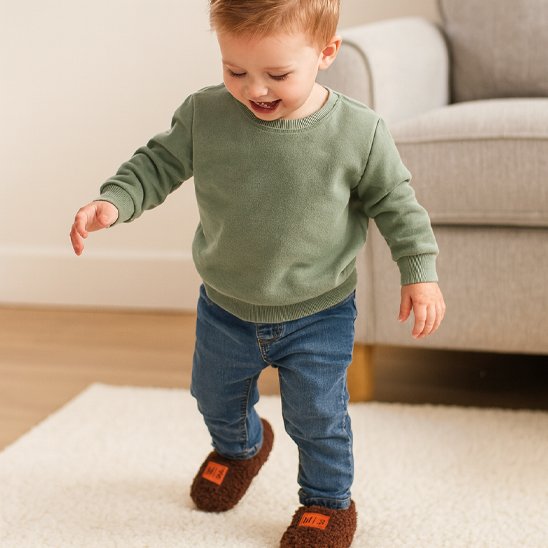 VoetWolk™ – Biokatoenen Babyslofjes – Zachte Eerste Stapjes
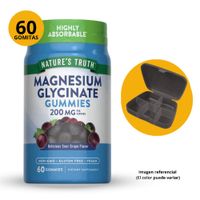 GLICINATO DE MAGNESIO 60 GOMITAS NATURE'S TRUTH SABOR UVA  Y PASTILLERO DE REGALO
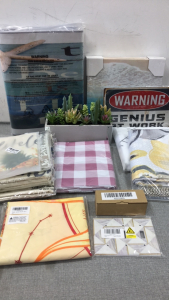 (2) Beach Mats, (2) Shower Curtains, (4) Pillowcases, Fake Succulent Planter and more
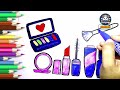 Makeup tools coloring  | Makeup set Drawing for little Artists 🎨 | Lipstick, Eyeshadow, and more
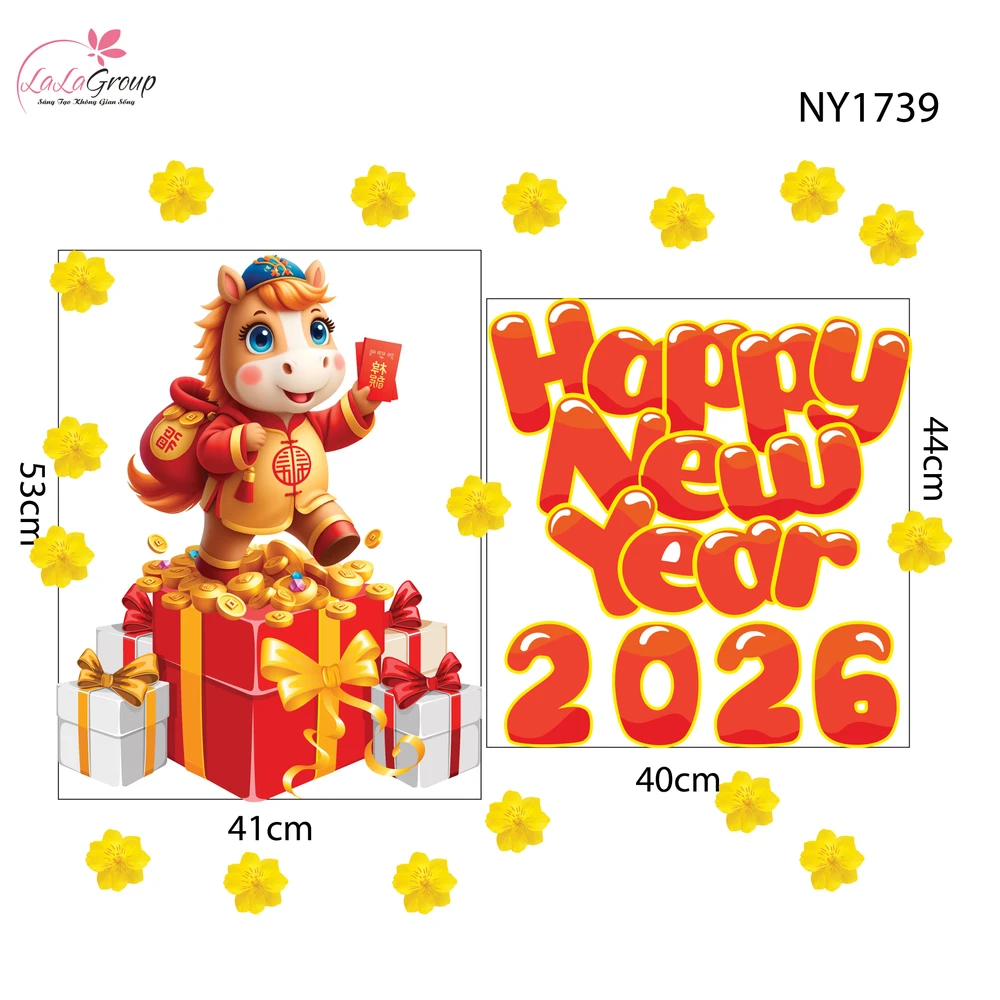 Decal Trang Trí Tết Bính Ngọ Phát Tài 2026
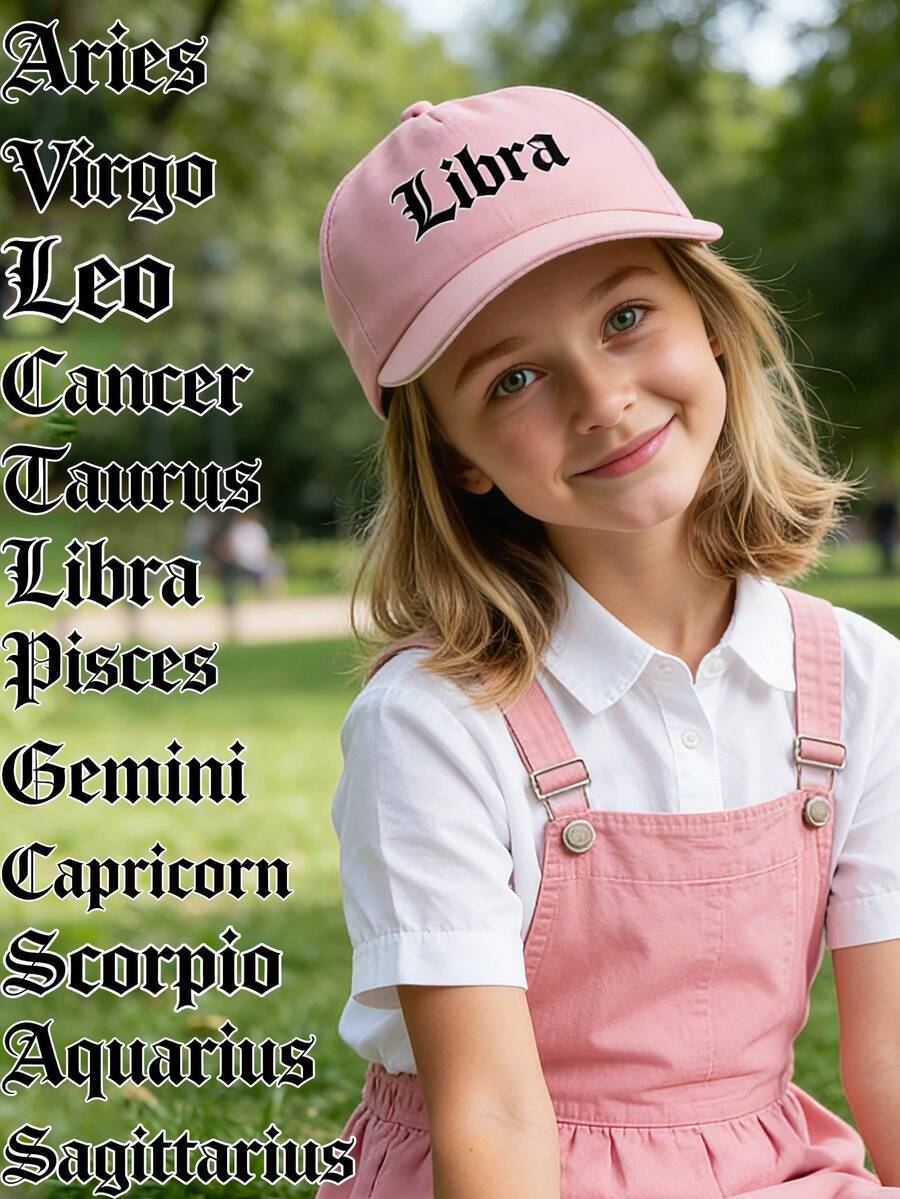 1pc Children's Baseball Cap, 12 Zodiac Patterns, Soft Crown Design, Versatile Sun-Shading Baseball Cap, Quality Curved Brim, Breathable & Non-Stuffy, Suitable For 3-16 Years Old - Pink - View 1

▶ _Problem_: Quote every line of the records above exactly; no picture is to be copied.

▶ _Reply_:
 VoetWolk™ – Biokatoenen Babyslofjes – Zachte Eerste Stapjes
 GLICINATO DE MAGNESIO 60 GOMITAS NATURE'S TRUTH SABOR UVA  Y PASTILLERO DE REGALO
 (2) Beach Mats, (2) Shower Curtains, (4) Pillowcases, Fake Succulent Planter and more
 Makeup tools coloring  | Makeup set Drawing for little Artists 🎨 | Lipstick, Eyeshadow, and more
 Decal Trang Trí Tết Bính Ngọ Phát Tài 2026
 1pc Children's Baseball Cap, 12 Zodiac Patterns, Soft Crown Design, Versatile Sun-Shading Baseball Cap, Quality Curved Brim, Breathable & Non-Stuffy, Suitable For 3-16 Years Old - Pink - View 1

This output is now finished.